**Your assignment:** The entries below should be copied exactly and completely.

**Records provided:**
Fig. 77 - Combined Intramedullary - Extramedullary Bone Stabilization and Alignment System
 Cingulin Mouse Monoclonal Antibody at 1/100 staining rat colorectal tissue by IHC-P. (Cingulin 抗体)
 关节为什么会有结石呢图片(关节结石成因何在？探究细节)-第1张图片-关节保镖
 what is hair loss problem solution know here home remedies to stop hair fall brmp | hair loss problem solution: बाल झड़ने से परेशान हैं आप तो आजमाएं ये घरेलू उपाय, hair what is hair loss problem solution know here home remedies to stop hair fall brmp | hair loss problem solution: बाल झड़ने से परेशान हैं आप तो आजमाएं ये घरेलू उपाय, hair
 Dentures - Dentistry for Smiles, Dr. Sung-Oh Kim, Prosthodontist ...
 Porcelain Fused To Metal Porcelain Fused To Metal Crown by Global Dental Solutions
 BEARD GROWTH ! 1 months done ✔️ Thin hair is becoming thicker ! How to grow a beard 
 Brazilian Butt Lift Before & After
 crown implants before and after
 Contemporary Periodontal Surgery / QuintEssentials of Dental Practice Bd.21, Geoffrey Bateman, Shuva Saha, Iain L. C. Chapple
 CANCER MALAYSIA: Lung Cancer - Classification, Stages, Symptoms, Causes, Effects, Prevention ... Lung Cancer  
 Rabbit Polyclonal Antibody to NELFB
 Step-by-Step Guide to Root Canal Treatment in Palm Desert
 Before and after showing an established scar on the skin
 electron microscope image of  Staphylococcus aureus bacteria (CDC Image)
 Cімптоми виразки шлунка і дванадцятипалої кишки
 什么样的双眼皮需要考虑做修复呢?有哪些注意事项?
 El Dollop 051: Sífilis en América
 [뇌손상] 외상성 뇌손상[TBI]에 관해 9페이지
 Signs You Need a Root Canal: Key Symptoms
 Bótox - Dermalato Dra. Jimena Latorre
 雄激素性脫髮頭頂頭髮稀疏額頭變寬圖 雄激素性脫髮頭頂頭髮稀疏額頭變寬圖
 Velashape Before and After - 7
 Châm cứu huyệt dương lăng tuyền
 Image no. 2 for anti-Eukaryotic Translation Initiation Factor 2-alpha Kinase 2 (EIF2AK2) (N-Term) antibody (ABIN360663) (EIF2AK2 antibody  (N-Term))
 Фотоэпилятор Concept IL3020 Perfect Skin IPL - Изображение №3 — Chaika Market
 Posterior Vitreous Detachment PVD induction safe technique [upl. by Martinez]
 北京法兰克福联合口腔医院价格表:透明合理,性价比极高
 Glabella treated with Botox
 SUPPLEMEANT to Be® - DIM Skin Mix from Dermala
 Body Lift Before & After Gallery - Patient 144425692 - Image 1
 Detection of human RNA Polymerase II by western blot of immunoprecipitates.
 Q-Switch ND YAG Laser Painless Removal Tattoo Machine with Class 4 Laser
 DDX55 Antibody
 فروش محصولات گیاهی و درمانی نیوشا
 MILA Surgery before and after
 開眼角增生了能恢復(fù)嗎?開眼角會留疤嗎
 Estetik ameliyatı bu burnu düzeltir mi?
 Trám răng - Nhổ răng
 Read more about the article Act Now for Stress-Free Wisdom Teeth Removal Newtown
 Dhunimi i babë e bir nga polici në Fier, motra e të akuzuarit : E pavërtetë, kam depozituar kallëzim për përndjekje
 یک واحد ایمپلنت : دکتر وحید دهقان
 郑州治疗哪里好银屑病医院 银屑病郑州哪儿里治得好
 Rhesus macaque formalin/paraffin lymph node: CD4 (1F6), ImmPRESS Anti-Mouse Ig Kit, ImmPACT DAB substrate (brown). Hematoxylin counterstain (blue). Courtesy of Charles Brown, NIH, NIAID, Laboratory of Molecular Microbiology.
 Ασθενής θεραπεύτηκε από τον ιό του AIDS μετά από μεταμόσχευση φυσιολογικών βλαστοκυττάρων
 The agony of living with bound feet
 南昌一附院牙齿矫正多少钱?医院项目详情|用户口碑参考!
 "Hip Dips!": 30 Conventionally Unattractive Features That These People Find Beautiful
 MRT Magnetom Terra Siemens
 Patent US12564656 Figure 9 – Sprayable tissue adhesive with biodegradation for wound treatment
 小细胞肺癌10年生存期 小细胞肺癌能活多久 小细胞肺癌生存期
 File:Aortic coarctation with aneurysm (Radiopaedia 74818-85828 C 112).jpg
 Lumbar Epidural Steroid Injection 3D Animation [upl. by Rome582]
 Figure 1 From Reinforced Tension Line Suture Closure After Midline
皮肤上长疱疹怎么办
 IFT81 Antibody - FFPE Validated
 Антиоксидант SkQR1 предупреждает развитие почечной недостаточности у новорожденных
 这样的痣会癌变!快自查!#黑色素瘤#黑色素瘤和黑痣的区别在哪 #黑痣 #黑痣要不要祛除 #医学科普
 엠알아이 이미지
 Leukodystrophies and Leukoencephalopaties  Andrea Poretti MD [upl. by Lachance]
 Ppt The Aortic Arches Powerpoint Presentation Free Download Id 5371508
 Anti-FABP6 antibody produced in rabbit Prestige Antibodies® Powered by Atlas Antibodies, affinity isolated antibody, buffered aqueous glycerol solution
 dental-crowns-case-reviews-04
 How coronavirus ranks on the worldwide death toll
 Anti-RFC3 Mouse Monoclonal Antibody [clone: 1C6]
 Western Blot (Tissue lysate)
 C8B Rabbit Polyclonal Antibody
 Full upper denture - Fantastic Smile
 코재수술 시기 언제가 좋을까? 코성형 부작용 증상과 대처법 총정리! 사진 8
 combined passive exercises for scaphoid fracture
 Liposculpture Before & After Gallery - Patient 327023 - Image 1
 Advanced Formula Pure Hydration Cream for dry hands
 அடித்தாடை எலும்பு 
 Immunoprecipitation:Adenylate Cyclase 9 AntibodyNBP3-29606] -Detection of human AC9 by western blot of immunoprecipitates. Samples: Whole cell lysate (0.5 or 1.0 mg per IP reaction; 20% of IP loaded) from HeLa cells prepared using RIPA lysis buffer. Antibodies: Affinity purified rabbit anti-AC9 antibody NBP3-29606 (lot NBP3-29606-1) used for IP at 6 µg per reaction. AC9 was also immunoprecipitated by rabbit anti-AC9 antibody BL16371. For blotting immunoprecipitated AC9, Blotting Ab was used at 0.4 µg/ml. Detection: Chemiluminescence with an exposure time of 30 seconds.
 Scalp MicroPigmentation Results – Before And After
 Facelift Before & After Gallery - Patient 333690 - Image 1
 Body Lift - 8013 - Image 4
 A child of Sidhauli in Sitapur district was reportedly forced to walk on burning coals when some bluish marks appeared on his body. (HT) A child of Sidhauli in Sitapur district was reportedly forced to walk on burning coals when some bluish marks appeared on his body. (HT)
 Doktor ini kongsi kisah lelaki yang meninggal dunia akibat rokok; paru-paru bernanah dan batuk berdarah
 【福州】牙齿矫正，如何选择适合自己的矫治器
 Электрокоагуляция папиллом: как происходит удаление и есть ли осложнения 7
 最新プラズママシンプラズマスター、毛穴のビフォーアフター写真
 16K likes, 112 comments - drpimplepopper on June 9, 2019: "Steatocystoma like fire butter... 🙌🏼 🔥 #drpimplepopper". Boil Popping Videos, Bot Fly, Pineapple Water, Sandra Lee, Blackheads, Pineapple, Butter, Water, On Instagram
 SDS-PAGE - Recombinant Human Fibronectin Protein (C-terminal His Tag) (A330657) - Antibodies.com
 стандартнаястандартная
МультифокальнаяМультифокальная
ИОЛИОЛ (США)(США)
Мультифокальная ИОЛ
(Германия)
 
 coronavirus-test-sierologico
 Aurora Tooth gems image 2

**Exercise response:**
Fig. 77 - Combined Intramedullary - Extramedullary Bone Stabilization and Alignment System
 Cingulin Mouse Monoclonal Antibody at 1/100 staining rat colorectal tissue by IHC-P. (Cingulin 抗体)
 关节为什么会有结石呢图片(关节结石成因何在？探究细节)-第1张图片-关节保镖
 what is hair loss problem solution know here home remedies to stop hair fall brmp | hair loss problem solution: बाल झड़ने से परेशान हैं आप तो आजमाएं ये घरेलू उपाय, hair what is hair loss problem solution know here home remedies to stop hair fall brmp | hair loss problem solution: बाल झड़ने से परेशान हैं आप तो आजमाएं ये घरेलू उपाय, hair
 Dentures - Dentistry for Smiles, Dr. Sung-Oh Kim, Prosthodontist ...
 Porcelain Fused To Metal Porcelain Fused To Metal Crown by Global Dental Solutions
 BEARD GROWTH ! 1 months done ✔️ Thin hair is becoming thicker ! How to grow a beard 
 Brazilian Butt Lift Before & After
 crown implants before and after
 Contemporary Periodontal Surgery / QuintEssentials of Dental Practice Bd.21, Geoffrey Bateman, Shuva Saha, Iain L. C. Chapple
 CANCER MALAYSIA: Lung Cancer - Classification, Stages, Symptoms, Causes, Effects, Prevention ... Lung Cancer  
 Rabbit Polyclonal Antibody to NELFB
 Step-by-Step Guide to Root Canal Treatment in Palm Desert
 Before and after showing an established scar on the skin
 electron microscope image of  Staphylococcus aureus bacteria (CDC Image)
 Cімптоми виразки шлунка і дванадцятипалої кишки
 什么样的双眼皮需要考虑做修复呢?有哪些注意事项?
 El Dollop 051: Sífilis en América
 [뇌손상] 외상성 뇌손상[TBI]에 관해 9페이지
 Signs You Need a Root Canal: Key Symptoms
 Bótox - Dermalato Dra. Jimena Latorre
 雄激素性脫髮頭頂頭髮稀疏額頭變寬圖 雄激素性脫髮頭頂頭髮稀疏額頭變寬圖
 Velashape Before and After - 7
 Châm cứu huyệt dương lăng tuyền
 Image no. 2 for anti-Eukaryotic Translation Initiation Factor 2-alpha Kinase 2 (EIF2AK2) (N-Term) antibody (ABIN360663) (EIF2AK2 antibody  (N-Term))
 Фотоэпилятор Concept IL3020 Perfect Skin IPL - Изображение №3 — Chaika Market
 Posterior Vitreous Detachment PVD induction safe technique [upl. by Martinez]
 北京法兰克福联合口腔医院价格表:透明合理,性价比极高
 Glabella treated with Botox
 SUPPLEMEANT to Be® - DIM Skin Mix from Dermala
 Body Lift Before & After Gallery - Patient 144425692 - Image 1
 Detection of human RNA Polymerase II by western blot of immunoprecipitates.
 Q-Switch ND YAG Laser Painless Removal Tattoo Machine with Class 4 Laser
 DDX55 Antibody
 فروش محصولات گیاهی و درمانی نیوشا
 MILA Surgery before and after
 開眼角增生了能恢復(fù)嗎?開眼角會留疤嗎
 Estetik ameliyatı bu burnu düzeltir mi?
 Trám răng - Nhổ răng
 Read more about the article Act Now for Stress-Free Wisdom Teeth Removal Newtown
 Dhunimi i babë e bir nga polici në Fier, motra e të akuzuarit : E pavërtetë, kam depozituar kallëzim për përndjekje
 یک واحد ایمپلنت : دکتر وحید دهقان
 郑州治疗哪里好银屑病医院 银屑病郑州哪儿里治得好
 Rhesus macaque formalin/paraffin lymph node: CD4 (1F6), ImmPRESS Anti-Mouse Ig Kit, ImmPACT DAB substrate (brown). Hematoxylin counterstain (blue). Courtesy of Charles Brown, NIH, NIAID, Laboratory of Molecular Microbiology.
 Ασθενής θεραπεύτηκε από τον ιό του AIDS μετά από μεταμόσχευση φυσιολογικών βλαστοκυττάρων
 The agony of living with bound feet
 南昌一附院牙齿矫正多少钱?医院项目详情|用户口碑参考!
 "Hip Dips!": 30 Conventionally Unattractive Features That These People Find Beautiful
 MRT Magnetom Terra Siemens
 Patent US12564656 Figure 9 – Sprayable tissue adhesive with biodegradation for wound treatment
 小细胞肺癌10年生存期 小细胞肺癌能活多久 小细胞肺癌生存期
 File:Aortic coarctation with aneurysm (Radiopaedia 74818-85828 C 112).jpg
 Lumbar Epidural Steroid Injection 3D Animation [upl. by Rome582]
 Figure 1 From Reinforced Tension Line Suture Closure After Midline
皮肤上长疱疹怎么办
 IFT81 Antibody - FFPE Validated
 Антиоксидант SkQR1 предупреждает развитие почечной недостаточности у новорожденных
 这样的痣会癌变!快自查!#黑色素瘤#黑色素瘤和黑痣的区别在哪 #黑痣 #黑痣要不要祛除 #医学科普
 엠알아이 이미지
 Leukodystrophies and Leukoencephalopaties  Andrea Poretti MD [upl. by Lachance]
 Ppt The Aortic Arches Powerpoint Presentation Free Download Id 5371508
 Anti-FABP6 antibody produced in rabbit Prestige Antibodies® Powered by Atlas Antibodies, affinity isolated antibody, buffered aqueous glycerol solution
 dental-crowns-case-reviews-04
 How coronavirus ranks on the worldwide death toll
 Anti-RFC3 Mouse Monoclonal Antibody [clone: 1C6]
 Western Blot (Tissue lysate)
 C8B Rabbit Polyclonal Antibody
 Full upper denture - Fantastic Smile
 코재수술 시기 언제가 좋을까? 코성형 부작용 증상과 대처법 총정리! 사진 8
 combined passive exercises for scaphoid fracture
 Liposculpture Before & After Gallery - Patient 327023 - Image 1
 Advanced Formula Pure Hydration Cream for dry hands
 அடித்தாடை எலும்பு 
 Immunoprecipitation:Adenylate Cyclase 9 AntibodyNBP3-29606] -Detection of human AC9 by western blot of immunoprecipitates. Samples: Whole cell lysate (0.5 or 1.0 mg per IP reaction; 20% of IP loaded) from HeLa cells prepared using RIPA lysis buffer. Antibodies: Affinity purified rabbit anti-AC9 antibody NBP3-29606 (lot NBP3-29606-1) used for IP at 6 µg per reaction. AC9 was also immunoprecipitated by rabbit anti-AC9 antibody BL16371. For blotting immunoprecipitated AC9, Blotting Ab was used at 0.4 µg/ml. Detection: Chemiluminescence with an exposure time of 30 seconds.
 Scalp MicroPigmentation Results – Before And After
 Facelift Before & After Gallery - Patient 333690 - Image 1
 Body Lift - 8013 - Image 4
 A child of Sidhauli in Sitapur district was reportedly forced to walk on burning coals when some bluish marks appeared on his body. (HT) A child of Sidhauli in Sitapur district was reportedly forced to walk on burning coals when some bluish marks appeared on his body. (HT)
 Doktor ini kongsi kisah lelaki yang meninggal dunia akibat rokok; paru-paru bernanah dan batuk berdarah
 【福州】牙齿矫正，如何选择适合自己的矫治器
 Электрокоагуляция папиллом: как происходит удаление и есть ли осложнения 7
 最新プラズママシンプラズマスター、毛穴のビフォーアフター写真
 16K likes, 112 comments - drpimplepopper on June 9, 2019: "Steatocystoma like fire butter... 🙌🏼 🔥 #drpimplepopper". Boil Popping Videos, Bot Fly, Pineapple Water, Sandra Lee, Blackheads, Pineapple, Butter, Water, On Instagram
 SDS-PAGE - Recombinant Human Fibronectin Protein (C-terminal His Tag) (A330657) - Antibodies.com
 стандартнаястандартная
МультифокальнаяМультифокальная
ИОЛИОЛ (США)(США)
Мультифокальная ИОЛ
(Германия)
 
 coronavirus-test-sierologico
 Aurora Tooth gems image 2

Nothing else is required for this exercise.